Reputation: 597
After specifiying a recipe to use in caret::train I am trying to predict new samples. I have a couple of questions around this as I can not find in caret/recipes documentation.
Below is a reproducible example illustrating my process and the difference in predictions when using predict vs predict.train
library(recipes)
library(caret)
# Data ----
data("credit_data")
credit_train <- credit_data[1:3500,]
credit_test <- credit_data[-(1:3500),]
# Set up recipe ----
set.seed(0)
Rec.Obj = recipe(Status ~ ., data = credit_train) %>%
step_knnimpute(all_predictors()) %>%
step_center(all_numeric())%>%
step_scale(all_numeric())
# Control parameters ----
set.seed(0)
TC = trainControl("cv",number = 10, savePredictions = "final", classProbs = TRUE, returnResamp = "final")
set.seed(0)
Model.Output = train(Rec.Obj,
credit_train,
trControl = TC,
tuneLength = 1,
metric = "Accuracy",
method = "glm")
# Preped recipe ----
set.seed(0)
prep.rec <-
prep(Rec.Obj, newdata = credit_train)
# Baked data for observation ----
set.seed(0)
bake.train <- bake(prep.rec, new_data = credit_train)
bake.test <- bake(prep.rec, new_data = credit_test)
# investigation of prediction methods ----
# no application of recipe to newdata
set.seed(0)
predict.norm = predict(Model.Output, credit_test, type = "raw")
predict.train = predict.train(Model.Output, credit_test, type = "raw")
identical(predict.norm,predict.train)
# evaluates to FALSE
# Apply recipe to new data (bake.test)
predict.norm.baked = predict(Model.Output, bake.test, type = "raw")
predict.train.baked = predict.train(Model.Output, bake.test, type = "raw")
identical(predict.norm.baked, predict.train.baked)
# evaluates to FALSE
# Comparison of both predict() funcs
identical(predict.norm, predict.norm.baked)
# evaluates to FALSE
Upvotes: 4
Views: 804
Reputation: 14331
The recipe is embedded into the train
object.

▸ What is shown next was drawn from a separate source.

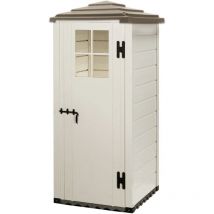 Garofalo - casetta da giardino in pvc 'tuscany 80 pag.' l.96,5 x p.96,5 x h.203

The answers are different for two reasons:
Since you are giving the recipe (inside of Model.Output
) the processed data to be re-processed. You should not give predict()
baked data; just use predict()
and give it the original test set..
Let S3 do its thing: predict.train
is for the x/y interface and predict.train.recipe
is for the recipe interface. Just using predict()
will do the appropriate thing.
Upvotes: 2